Exercise | Within the lines below, the span from the line with "SILVIA CRIȘAN // OGLINDA TIMPULUI" to the line with "2017 Hymer ML-I 540", both ends included, is to be reproduced exactly, with pictures omitted.

The data |
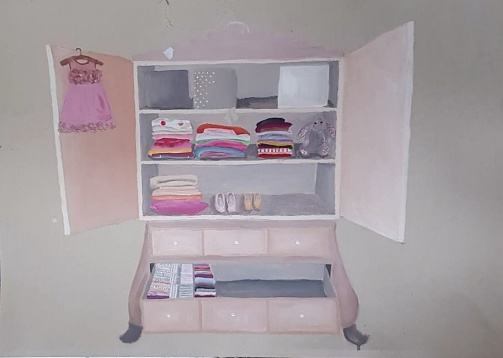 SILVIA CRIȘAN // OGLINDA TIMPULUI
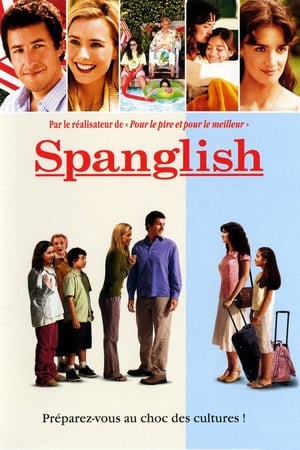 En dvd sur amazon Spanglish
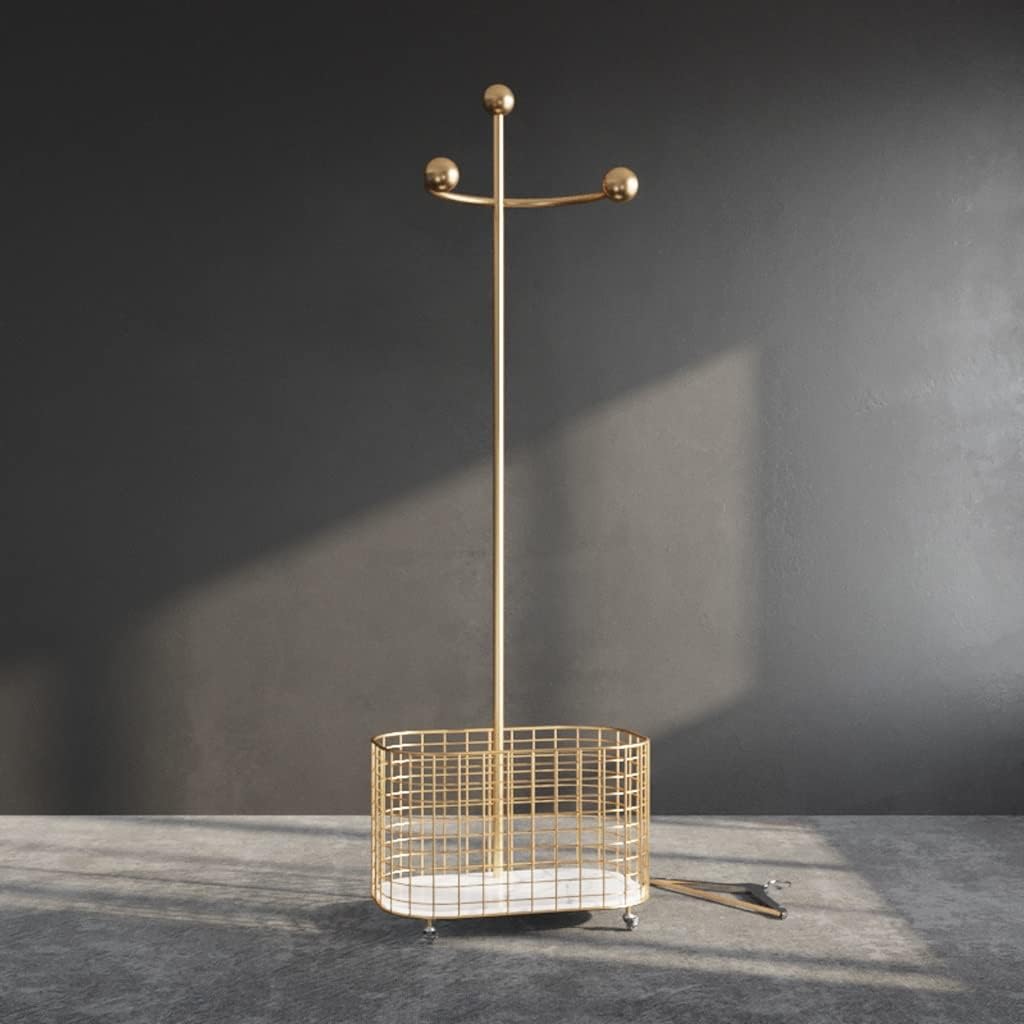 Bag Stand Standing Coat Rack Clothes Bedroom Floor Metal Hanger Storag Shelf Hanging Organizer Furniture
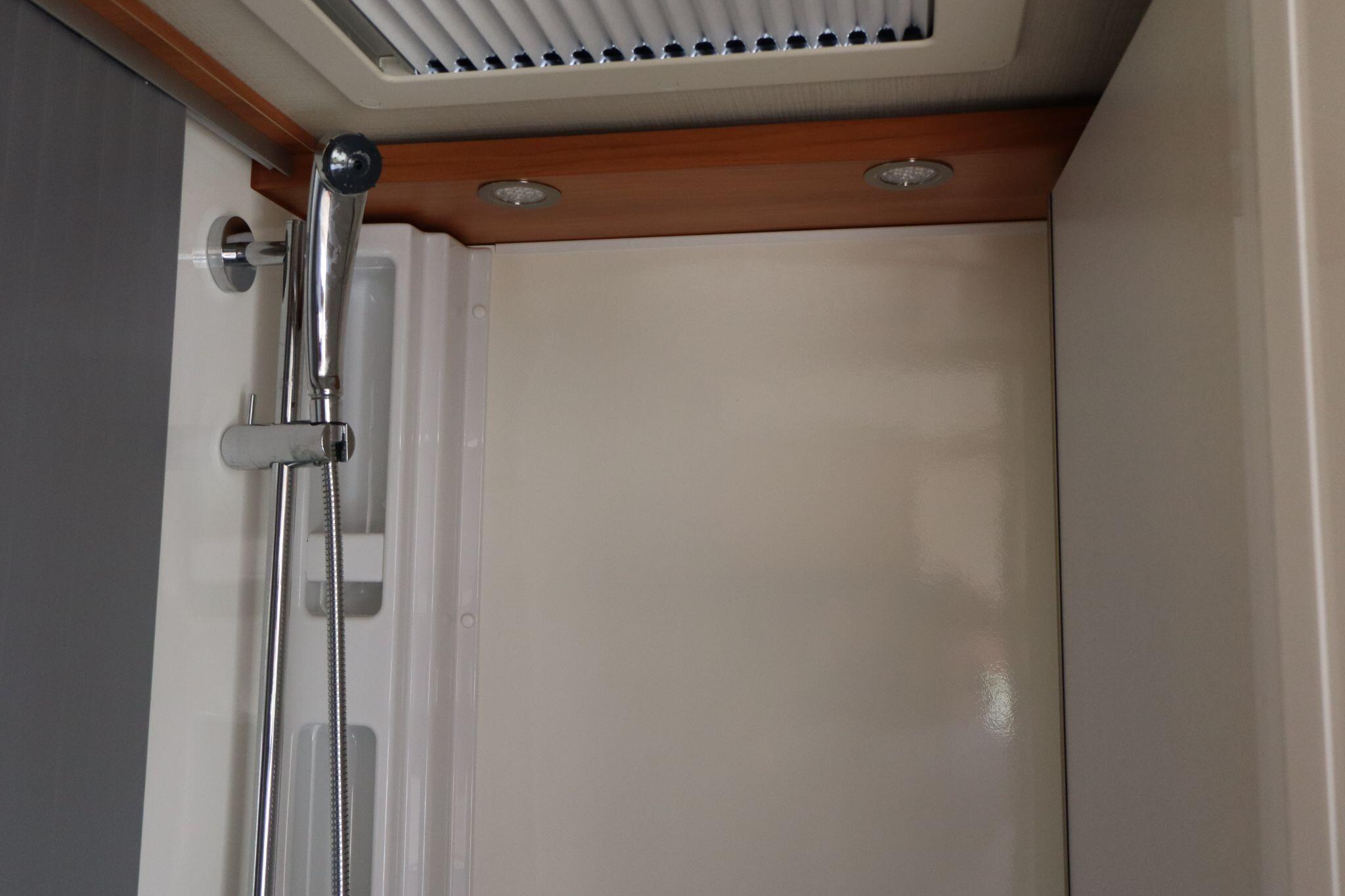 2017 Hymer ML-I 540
==
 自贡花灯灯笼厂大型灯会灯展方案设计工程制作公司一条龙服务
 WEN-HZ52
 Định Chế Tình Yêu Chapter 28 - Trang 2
--
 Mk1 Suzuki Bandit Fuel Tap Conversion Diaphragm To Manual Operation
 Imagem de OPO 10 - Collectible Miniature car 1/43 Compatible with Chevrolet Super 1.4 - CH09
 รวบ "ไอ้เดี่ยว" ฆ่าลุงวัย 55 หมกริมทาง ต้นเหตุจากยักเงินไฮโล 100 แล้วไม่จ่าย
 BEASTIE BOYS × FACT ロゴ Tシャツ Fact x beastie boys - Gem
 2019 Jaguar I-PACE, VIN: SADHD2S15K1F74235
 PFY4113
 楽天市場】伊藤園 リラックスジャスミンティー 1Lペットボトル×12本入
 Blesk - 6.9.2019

Result for this task |
 SILVIA CRIȘAN // OGLINDA TIMPULUI
 En dvd sur amazon Spanglish
 Bag Stand Standing Coat Rack Clothes Bedroom Floor Metal Hanger Storag Shelf Hanging Organizer Furniture
 2017 Hymer ML-I 540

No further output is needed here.